Students, professors have mixed feelings on what final exams should contain

Felix Sarver

Finals week has arrived and with it a variety of examinations that students must take.

Depending on the class or the professor, students take multiple choice tests, write in-class and take home essays or participate in other activities.

Anthony Ruelli, Sophomore pre-law psychology major, and Michael Agyekum, junior communications major, prefer final exams that offer multiple choice questions, but for different reasons.

Ruelli said he prefers multiple choice final exams as it allows him to eliminate answers.

“[It] gives you an opportunity to eliminate choices and choose what answer best suits your guess,” Ruelli said.

Agyekum said he prefers multiple choice final exams because he sees it as easier as students have a better chance of getting the answers correct.

Though multiple choice final exams are preferred by some students, Kayla Baron, junior pre-athletic training major, said she prefers in-class essays as a final exam.

“I’ve never done worse than a B on any essay I wrote,” Baron said. “I think the pressure makes me write better.”

Like students, professors also prefer different types of finals.
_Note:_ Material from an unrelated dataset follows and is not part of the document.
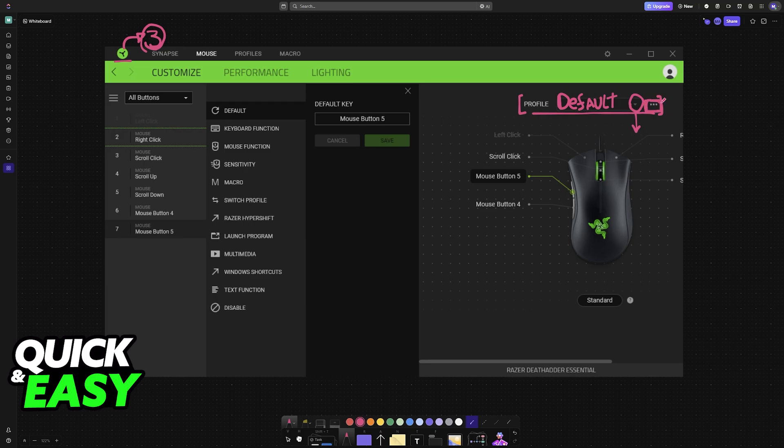Or, you can tap these three dots here, click on them, and then find the option to reset this particular profile to default. As long as you choose the option to delete a pre-existing profile, or you reset one that you selected, you will be good to go.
History professor Aaron Fogleman said he prefers to tell his students what the final essay’s topic will be at the semester’s beginning.

“[This allows for] careful, well-documented written expression without time pressure, [which] reflects deeper learning,” Fogleman said. “I have chosen what, to me, seems to be the best method.”

English professor William Baker also prefers to assign take-home essays for his class’ finals.

“Students help each other and acknowledge assistance [and] learn from each other,” Baker said.

But some professors, like Neil Blackstone, biological sciences professor, prefer students use a multiple choice final exam.

“The format is similar to many standardized tests that are increasingly used to assess college graduates,” Blackstone said. “Thus this style of final prepares students for these crucial standardized tests.”